Five Great Movies That Started With the Ending

Five Great Movies That Started With the Ending

It’s an odd way to go about making a movie, starting with the ending first and all. But it’s something that many movies have been able to do in a manner that has managed to entice the audience to keep watching as they want to figure out how things came to this scene. In some cases, it’s hard to know that this is in fact the ending since there’s no way to know until the movie begins to roll out in a manner that makes it obvious that this scene is working backward and being used as a placeholder to keep everything moving along as it needs to until the audience is caught up and knows now that the scene they started with was the capper that they were supposed to pay attention to. Some people like it, some people don’t, but to be perfectly honest, a lot of people think it’s a nice little mind trip that takes them on a cruise through a story that’s already been told in its own universe and therefore is just showing a recap of how events went down to get there. In fact, if a person is smart enough, they can eventually pinpoint just how things came to that situation before the initial scene is allowed to roll across the screen again.

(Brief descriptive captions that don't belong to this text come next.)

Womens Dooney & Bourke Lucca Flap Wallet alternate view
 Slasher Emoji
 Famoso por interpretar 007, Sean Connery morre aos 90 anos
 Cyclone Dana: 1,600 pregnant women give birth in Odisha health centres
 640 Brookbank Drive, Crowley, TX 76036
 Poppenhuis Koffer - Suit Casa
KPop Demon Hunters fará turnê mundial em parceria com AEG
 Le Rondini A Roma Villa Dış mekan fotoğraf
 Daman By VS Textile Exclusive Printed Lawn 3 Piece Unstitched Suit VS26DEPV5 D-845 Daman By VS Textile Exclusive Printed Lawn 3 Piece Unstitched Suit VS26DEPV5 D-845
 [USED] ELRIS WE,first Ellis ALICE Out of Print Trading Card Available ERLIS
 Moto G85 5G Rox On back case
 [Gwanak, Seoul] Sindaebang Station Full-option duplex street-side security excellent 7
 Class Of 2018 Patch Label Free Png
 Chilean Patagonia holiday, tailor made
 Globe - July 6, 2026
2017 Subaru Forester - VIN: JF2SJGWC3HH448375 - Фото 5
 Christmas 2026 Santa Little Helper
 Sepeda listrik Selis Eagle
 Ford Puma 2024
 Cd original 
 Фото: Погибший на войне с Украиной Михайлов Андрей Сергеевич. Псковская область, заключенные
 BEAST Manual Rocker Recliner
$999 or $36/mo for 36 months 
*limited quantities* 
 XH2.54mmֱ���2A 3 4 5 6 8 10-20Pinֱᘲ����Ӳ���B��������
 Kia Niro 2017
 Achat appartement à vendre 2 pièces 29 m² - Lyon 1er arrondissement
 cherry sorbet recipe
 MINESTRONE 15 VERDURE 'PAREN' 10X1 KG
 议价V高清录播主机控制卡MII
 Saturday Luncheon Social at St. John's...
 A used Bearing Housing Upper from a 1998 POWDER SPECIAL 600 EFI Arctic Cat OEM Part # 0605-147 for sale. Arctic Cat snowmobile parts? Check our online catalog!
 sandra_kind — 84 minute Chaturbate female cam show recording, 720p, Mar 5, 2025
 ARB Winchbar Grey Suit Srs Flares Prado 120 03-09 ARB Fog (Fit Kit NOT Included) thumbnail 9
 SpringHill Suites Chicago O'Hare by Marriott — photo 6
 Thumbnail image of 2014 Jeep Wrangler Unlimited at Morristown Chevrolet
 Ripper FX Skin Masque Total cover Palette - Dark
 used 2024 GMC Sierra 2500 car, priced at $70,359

Here are a few great movies that started with the ending.

5. Fallen

I’m adding this one in here because the movie, starring Denzel Washington and John Goodman, is a lot better than people give it credit for since a demon known as Azazel is having a great bit of fun at the lead actor’s expense and is busily framing murders on him to get even. The whole thing starts however with the detective, played by Denzel, narrating the story as he tells how he almost died, while it shows him scrambling frantically for something in the snow. By the end of the movie, we find out that his plan to kill Azazel almost succeeded, but failed since the demon found another host to keep moving onward.

4. Pulp Fiction

The diner scene in which Jules tells Vincent of his desire to get out of the business, basically being a paid hitman, and is eventually held at gunpoint by Tim Roth’s character, is a bit long but does serve as a great scene since it allows Samuel L. Jackson to deliver a great speech and a few great lines that a lot of people are bound to remember. All in all, it’s not exactly the best scene in the movie, but it’s one that is just chaotic enough and just good enough to make this list since it was something that a person couldn’t help but pay attention to given that Jackson does give a great performance.

3. Fight Club

Again, this is another scene that is kind of long for an ending scene since it’s a final showdown of sorts between the narrator and Tyler Durden, who are the same individual as the audience has already discovered. But Tyler finally takes responsibility for his actions and begins to assert control once again as he realizes that Tyler doesn’t have the gun, he does. What he does next is what some might call an exorcism of some type, but it definitely works since Tyler is no more by the time the narrator is found. It’s a strange and very disturbing scene since one has to simply imagine what it’s like to go this nuts, but it works for the movie.

2. Memento

This movie is one big exercise in moving backward since that’s all about all it does from start to finish, and by the time it’s all said and done it does feel as though the audience is no longer supposed to feel sorry for Leonard, but irritated that they’ve spent all their sympathy points on this guy that has killed who knows how many individuals while trying to find the one that killed his wife. The worst part is that HE is the guy that accidentally killed his wife with an overdose since he couldn’t remember that he’d already given her a shot and eventually dosed her too much. So he’s not really the bad guy, but he’s definitely a frustrating character.

1. Snatch

It’s easy to think that no one would have guessed that this was the ending scene when the movie first started up since it wasn’t made obvious. We were introduced to the main characters, we did see that some of them were shady, well okay, most of them were shady, but some were even worse, and we did see that it had a pretty strong cast. But up until the moment that Turkish and Tommy grabbed the dog at the end, it was easy to think that the beginning scene was just that, the beginning.

Sometimes the end is the best beginning.